**DIRECTIONS FOR THIS TASK**
Your job is to report every line of the entries that has "Eksteriør".
══ RECORDS FOR PROCESSING
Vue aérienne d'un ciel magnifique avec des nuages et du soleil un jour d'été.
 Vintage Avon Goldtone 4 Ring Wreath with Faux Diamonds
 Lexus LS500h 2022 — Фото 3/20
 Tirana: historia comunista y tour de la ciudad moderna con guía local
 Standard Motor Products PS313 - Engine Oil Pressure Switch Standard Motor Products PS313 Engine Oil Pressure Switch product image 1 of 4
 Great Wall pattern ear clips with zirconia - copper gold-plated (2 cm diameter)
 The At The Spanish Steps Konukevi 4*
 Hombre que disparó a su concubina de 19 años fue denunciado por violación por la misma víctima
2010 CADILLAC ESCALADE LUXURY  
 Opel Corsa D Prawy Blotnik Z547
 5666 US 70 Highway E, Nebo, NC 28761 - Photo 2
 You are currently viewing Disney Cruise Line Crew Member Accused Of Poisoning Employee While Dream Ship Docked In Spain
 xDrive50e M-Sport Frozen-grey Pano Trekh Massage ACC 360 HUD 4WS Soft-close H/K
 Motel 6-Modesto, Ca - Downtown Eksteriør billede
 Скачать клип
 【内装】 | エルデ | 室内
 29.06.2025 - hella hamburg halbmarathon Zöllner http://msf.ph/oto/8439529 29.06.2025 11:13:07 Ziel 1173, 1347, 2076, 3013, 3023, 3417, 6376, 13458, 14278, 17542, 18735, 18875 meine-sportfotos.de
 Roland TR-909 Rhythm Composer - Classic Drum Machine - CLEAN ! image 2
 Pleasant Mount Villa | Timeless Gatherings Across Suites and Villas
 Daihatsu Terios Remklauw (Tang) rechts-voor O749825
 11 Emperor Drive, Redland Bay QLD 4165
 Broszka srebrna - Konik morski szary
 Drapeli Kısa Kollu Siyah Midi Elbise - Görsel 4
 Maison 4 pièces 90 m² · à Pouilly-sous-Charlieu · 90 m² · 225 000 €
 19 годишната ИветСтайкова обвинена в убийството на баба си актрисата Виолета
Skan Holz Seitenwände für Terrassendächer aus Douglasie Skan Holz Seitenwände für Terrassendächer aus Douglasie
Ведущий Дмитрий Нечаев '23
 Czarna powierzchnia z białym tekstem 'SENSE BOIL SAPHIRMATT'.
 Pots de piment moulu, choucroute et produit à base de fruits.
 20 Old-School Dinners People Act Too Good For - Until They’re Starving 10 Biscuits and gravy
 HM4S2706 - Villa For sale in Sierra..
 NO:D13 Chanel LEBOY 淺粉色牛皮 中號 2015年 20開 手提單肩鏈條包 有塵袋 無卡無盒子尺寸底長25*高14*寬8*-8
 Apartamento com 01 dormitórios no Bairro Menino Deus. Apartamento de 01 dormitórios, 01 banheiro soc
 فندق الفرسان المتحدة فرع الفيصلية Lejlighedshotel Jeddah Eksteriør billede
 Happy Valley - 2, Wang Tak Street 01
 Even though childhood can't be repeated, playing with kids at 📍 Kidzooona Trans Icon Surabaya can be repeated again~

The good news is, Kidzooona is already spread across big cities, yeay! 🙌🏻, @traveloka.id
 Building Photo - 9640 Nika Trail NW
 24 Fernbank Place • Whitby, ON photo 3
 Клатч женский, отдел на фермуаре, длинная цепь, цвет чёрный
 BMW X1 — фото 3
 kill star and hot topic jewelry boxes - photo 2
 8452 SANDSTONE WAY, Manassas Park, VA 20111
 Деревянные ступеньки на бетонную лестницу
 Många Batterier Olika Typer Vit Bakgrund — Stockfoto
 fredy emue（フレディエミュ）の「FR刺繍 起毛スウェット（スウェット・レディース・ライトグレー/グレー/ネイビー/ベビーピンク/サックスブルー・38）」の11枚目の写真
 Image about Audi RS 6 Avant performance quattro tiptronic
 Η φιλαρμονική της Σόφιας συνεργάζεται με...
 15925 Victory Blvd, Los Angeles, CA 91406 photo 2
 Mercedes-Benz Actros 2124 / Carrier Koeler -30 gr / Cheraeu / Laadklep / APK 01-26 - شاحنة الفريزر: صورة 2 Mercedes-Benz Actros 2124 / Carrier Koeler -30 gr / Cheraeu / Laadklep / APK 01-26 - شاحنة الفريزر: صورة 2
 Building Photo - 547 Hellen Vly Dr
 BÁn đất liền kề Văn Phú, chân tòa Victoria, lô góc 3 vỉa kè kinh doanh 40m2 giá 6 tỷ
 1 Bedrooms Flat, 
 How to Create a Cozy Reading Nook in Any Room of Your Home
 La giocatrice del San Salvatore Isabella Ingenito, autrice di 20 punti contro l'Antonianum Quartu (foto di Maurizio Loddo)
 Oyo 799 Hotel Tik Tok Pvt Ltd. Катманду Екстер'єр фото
════
**SOLUTION FOR THIS TASK**
 Motel 6-Modesto, Ca - Downtown Eksteriør billede
 فندق الفرسان المتحدة فرع الفيصلية Lejlighedshotel Jeddah Eksteriør billede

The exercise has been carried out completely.